Agroécologie 5 min

Microfermes en Guadeloupe, la transition agroécologique en route

Et si l’agriculture guadeloupéenne parvenait à assurer l’alimentation locale en qualité et en quantité suffisante tout en répondant aux enjeux du changement climatique ? A Petit-Bourg, deux installations expérimentales dédiées à la petite agriculture familiale déclinent les principes de l’agroécologie sur fond de polyculture polyélevage pour l’une et de bioéconomie pour l’autre. L’objectif : concevoir des scénarios de transition des agrosystèmes, de l’exploitation jusqu’aux territoires et filières.

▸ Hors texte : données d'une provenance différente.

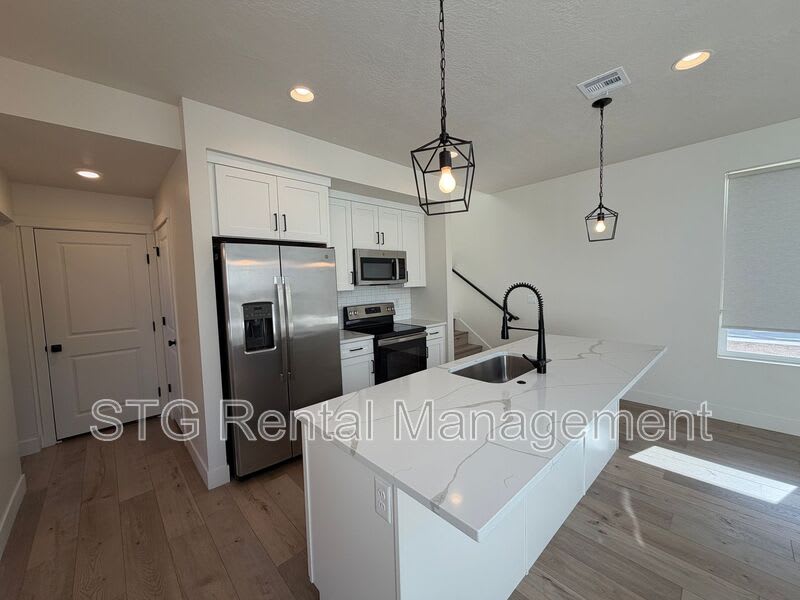 5515 S Carnelian Parkway – photo 3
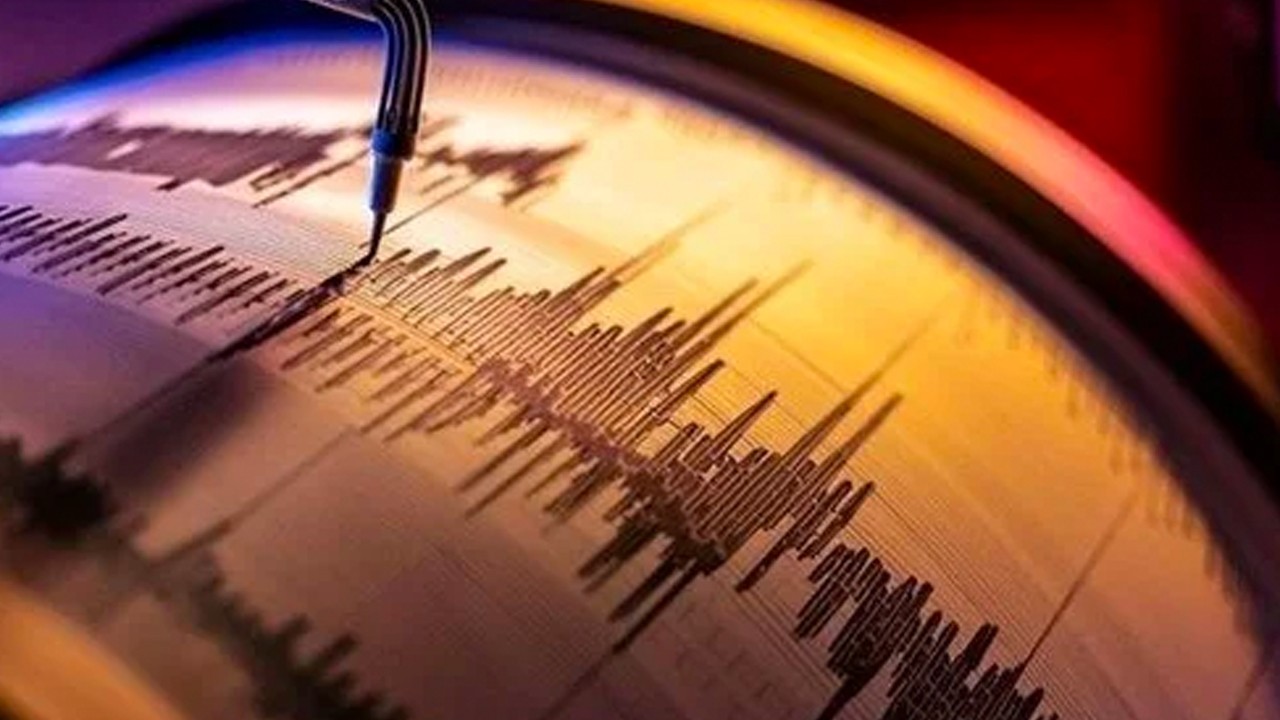 Ege beşik gibi sallanıyor! Naci Görür'den kritik uyarı: Yakın olanlar dikkatli olsun! Deprem Alarmı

Publié le 14 septembre 2021

illustration Microfermes en Guadeloupe, la transition agroécologique en route
© INRAE

Sous un climat tropical chaud et humide, l’agriculture guadeloupéenne est dominée par deux grandes cultures d’exportation (canne à sucre et banane), prépondérantes en surface, portées par des exploitations formelles de grandes superficies et l’utilisation de main-d’œuvre salariée. A l’opposé, les exploitations de petites surfaces (4,2 ha en 2016 – Source Agreste) de polyculture et polyélevage sont numériquement importantes (83 % des exploitations en 2013 – Source Agreste), parfois informelles, mobilisant une main-d’œuvre essentiellement familiale.  

 Sur le Domaine INRAE de Duclos, deux microfermes accueillent des projets de recherche au long cours basés sur l’agroécologie autour de la petite agriculture familiale.
« L’agroécologie, explique Jean-Marc Blazy, responsable du projet Explorer, c’est une façon de concevoir des systèmes de production qui s’appuie sur les fonctionnalités offertes par les écosystèmes. Elle les amplifie tout en visant à diminuer les pressions sur l'environnement et à préserver les ressources naturelles. ».

Dans la perspective d’aller vers une plus grande autonomie alimentaire et une moindre empreinte climatique, la première microferme priorise l'intégration entre animal et végétal, la seconde la bioéconomie. Visite guidée.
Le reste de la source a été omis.